Página 12. 30 9 10. Por Irina Hauser
Una mañana de 1979 mi hermano entró en mi habitación con los ojos desorbitados: “¡Mamá está durmiendo con el tío Oscar!”, gritó. Yo tendría ocho años. El, siete. Juntos fuimos en puntitas de pie y espiamos desde la puerta. Mamá no estaba durmiendo con el tío. Era papá, que se había afeitado la barba. Esa barba tupida con la que siempre lo conocimos. “Qué extraño”, pensamos.
Gracias a que existe el feriado del 24 de marzo, hoy en las escuelas se habla de la última dictadura, incluso en los jardines de infantes. Así fue como mi hija de cinco años llegó a casa muy orgullosa de lo que había aprendido y me dijo: “¿Sabías que en la dictadura no dejaban a los varones usar el pelo largo, ni barba, ni dejaban escuchar cierta música, ni hacer arte?”.
Me quedé pasmada escuchándola y, como mencionó la cuestión de la barba, le conté la anécdota sobre mi viejo. Le divirtió, pero enseguida puso las cosas en su lugar: “Mamá, los dictadores eran muy malos, trataban muy mal a los que no tenían las mismas ideas que ellos”. Después se quedó pensativa. “¿Los dictadores van a volver? ¿Existen todavía?”, me preguntó.
El otro día una amiga me contó que su hija de cuatro años le había dicho lo mismo. La misma duda, el mismo temor. Con el agregado de una sensación de peligro quizá más palpable, ya que mi amiga es hija de desaparecidos. Mis cicatrices son otras, pero también están. Tardé años en entender el cambio de apariencia de mi papá, por qué me ponía a llorar cada vez que veía un militar, por qué en mi casa quemaban los libros, por qué me daba taquicardia pasar por el Regimiento Patricios.
Más allá de las historias personales, mi amiga y yo compartimos una sensación de alivio: por suerte, comentamos, les pudimos decir a nuestras hijas que la mayoría de los represores están presos. Y cientos están siendo enjuiciados, al fin. Qué bueno tener una respuesta tranquilizadora.
La semana pasada Angela Urondo, hija del escritor Francisco “Paco” Urondo y Alicia Raboy, me hizo notar que hay grietas que persisten. Una muy profunda está en Mendoza, donde en 1976 mataron a su papá y desaparecieron a su mamá.
En esa provincia los represores andan sueltos, los liberaron.
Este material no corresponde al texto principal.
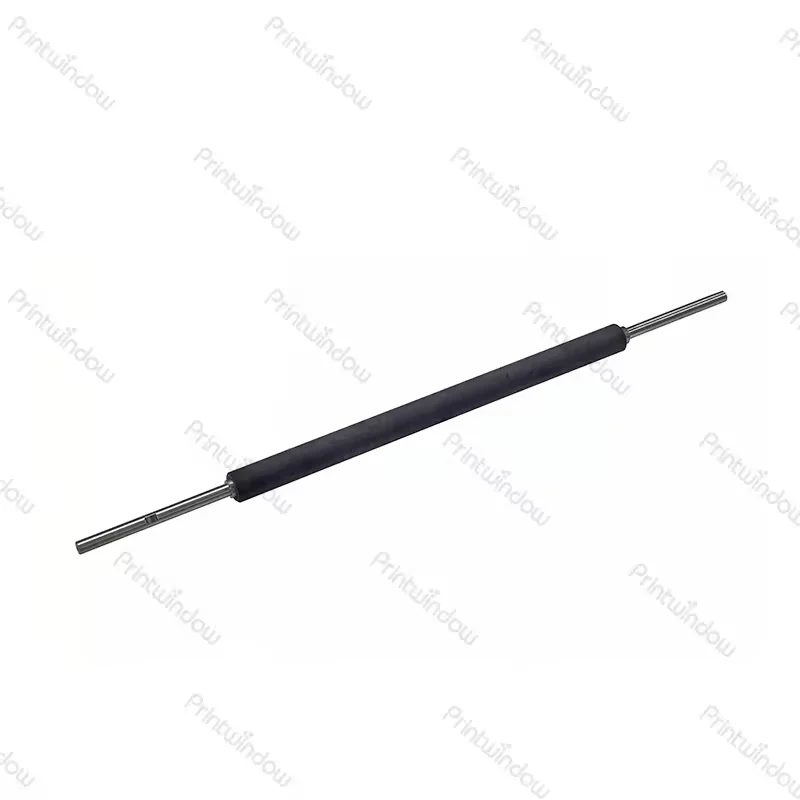 PRINTWINDOW!!!059K66590 Original Registration Roller for Xerox Color 800 1000 800i 1000i Press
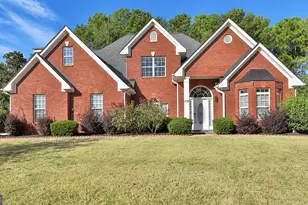 170 Middleton Trace, Newnan, GA 30265 - Photo 1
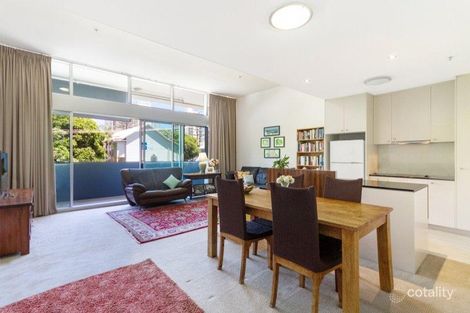 1018/20 Stuart St, Tweed Heads, NSW 2485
Porque todavía hay jueces cómplices, que lo fueron durante el terrorismo de Estado y ahora intentan beneficiar a sus antiguos aliados. “Yo no me puedo ir de vacaciones a Mar del Plata pensando que en la sombrilla de al lado puede estar el hombre que torturó y secuestró a mi madre”, dijo Angela. Me estremeció. Me quedé pensando en todos los juicios que faltan. Y en cuánta gente repite últimamente que está harta de oír hablar de la dictadura.
“Quiero transmitirles seguridad a mis hijos, ¿cómo hago?”, planteó Angela en el Consejo de la Magistratura, que investiga a tres camaristas mendocinos por apañar crímenes de lesa humanidad. Uno de ellos, Luis Miret, dejó el cargo para evitar que lo destituyeran. Pero como la Presidenta todavía no decidió si acepta su renuncia, el jueves último lo suspendieron igual y lo mandaron a juicio político. Angela presenció la votación. Cuando volvió a su casa escribió en su blog: “La sensación es confusa. Parece felicidad, pero no es, es un poco menos de amargura”. Su blog se llama “Pedacitos”.
Ella, mi hija, mi amiga. Con sus palabras, me confirmaron la importancia de poder decirles a nuestros hijos (y a nosotras mismas) que ya está, ya pasó, ya pasó. Qué necesario es poder mostrarles que hay un cierre para esta historia. Todavía falta, y tal vez no estemos tan lejos.